Todo el que ha tenido un gato en su vida, cualquiera que los haya tenido, y cualquier gato que haya sido, tarde o temprano los han mirado y no han entendido lo que veían. Algo los separaba de lo visto. Y lo visto no era el misterio, o la irremediable ajenidad que todo ser humano tiene con la creación. Era el gato, estúpido.
Hablo, claro, del gato doméstico. Del gato común, o de raza, del que vive con los hombres y se supone hace siglos domesticamos. Miren esto: a veces, pocas pero memorables, nos cruzamos en la vida con otros felinos. Más salvajes, peligrosos. Lo que más nos asusta de ellos no es la ferocidad sino que, aunque sea como una reminiscencia, como una nube que se interpone en nuestra mirada, parecen gatos. Y cuando miramos a nuestros gatos domésticos, aún aquel que dejamos que duerma en la cuna de nuestro hijo, también en algún momento una nube pasa, una sombra, y es un felino a secas, sin atisbo alguno de domesticidad, ternura o piedad.

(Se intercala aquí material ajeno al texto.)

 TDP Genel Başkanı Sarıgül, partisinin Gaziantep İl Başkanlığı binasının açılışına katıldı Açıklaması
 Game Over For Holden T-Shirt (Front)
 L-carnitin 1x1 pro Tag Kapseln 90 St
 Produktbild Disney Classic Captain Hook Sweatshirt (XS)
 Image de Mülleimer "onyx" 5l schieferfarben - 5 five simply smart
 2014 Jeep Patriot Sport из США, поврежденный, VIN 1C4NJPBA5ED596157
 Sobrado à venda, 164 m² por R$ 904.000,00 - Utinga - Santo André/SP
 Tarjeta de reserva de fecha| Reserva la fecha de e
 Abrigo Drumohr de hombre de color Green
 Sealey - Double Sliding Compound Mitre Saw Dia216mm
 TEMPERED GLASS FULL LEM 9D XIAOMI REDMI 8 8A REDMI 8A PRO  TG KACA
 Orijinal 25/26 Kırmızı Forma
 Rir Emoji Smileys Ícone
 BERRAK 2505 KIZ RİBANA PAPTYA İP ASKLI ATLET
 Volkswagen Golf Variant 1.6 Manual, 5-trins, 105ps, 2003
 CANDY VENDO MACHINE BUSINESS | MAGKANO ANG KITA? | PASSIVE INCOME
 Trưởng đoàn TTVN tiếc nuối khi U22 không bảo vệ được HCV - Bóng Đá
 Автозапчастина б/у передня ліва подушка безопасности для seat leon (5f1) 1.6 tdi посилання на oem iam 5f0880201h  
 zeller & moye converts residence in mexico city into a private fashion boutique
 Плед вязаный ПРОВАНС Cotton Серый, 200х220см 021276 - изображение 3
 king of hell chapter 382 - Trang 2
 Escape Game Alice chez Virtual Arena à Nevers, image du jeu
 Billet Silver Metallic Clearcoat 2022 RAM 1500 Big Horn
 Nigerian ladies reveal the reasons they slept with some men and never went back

Del mismo modo, cualquiera ha sentido que se ha comunicado de una manera profunda, única, con el gato al que cree su mascota. Con su ronroneo, con su modo sagaz de comprender nuestro estado de ánimo, con esa manera de adelantarse con gracia a nuestras ganas de jugar. Sin embargo, es el mismo gato el que nos ignora, el que nos mira como si fuéramos transparentes, o apenas un accidente en su territorio. Y desconfiamos del modo en que se restriega en nuestros pantalones, porque solo lo hace por la comida. ¿Cuál es nuestro gato?
Hay una pista. Y no está en la supuesta divinidad egipcia, ni en su condición de alienígena. Mucho menos en que posea almas ajenas o demonios. Pero hay una pista. Un famoso poema, El bautismo de los gatos, de T. S. Eliot nos la brinda. Resumo de memoria: Eliot afirma que los gatos tienen al menos tres nombres. Uno, el que impone la familia que lo tiene. Puede ser un nombre vulgar, jocoso, sensato. Otro, uno particular, al que sólo él responde. Y por último, su nombre secreto, que sólo él conoce y que nadie jamás podrá adivinar, ni utilizar para nombrarlo. Y dice que cuando vemos un gato en profunda meditación es que está absorto en la contemplación de su nombre, “en su profundo, inescrutable / nombre singular”.
Ésta es la pista que nos ha dejado un poeta, alguien, además, que se sabe ha traficado con gatos, ha convivido con ellos, se ha comunicado. Un gato contemplando el misterio de su propio nombre es la indicación más cercana que podemos dar del fenómeno que nos atraviesa cuando tenemos el privilegio de mirar un gato. Ojalá nos señale algo.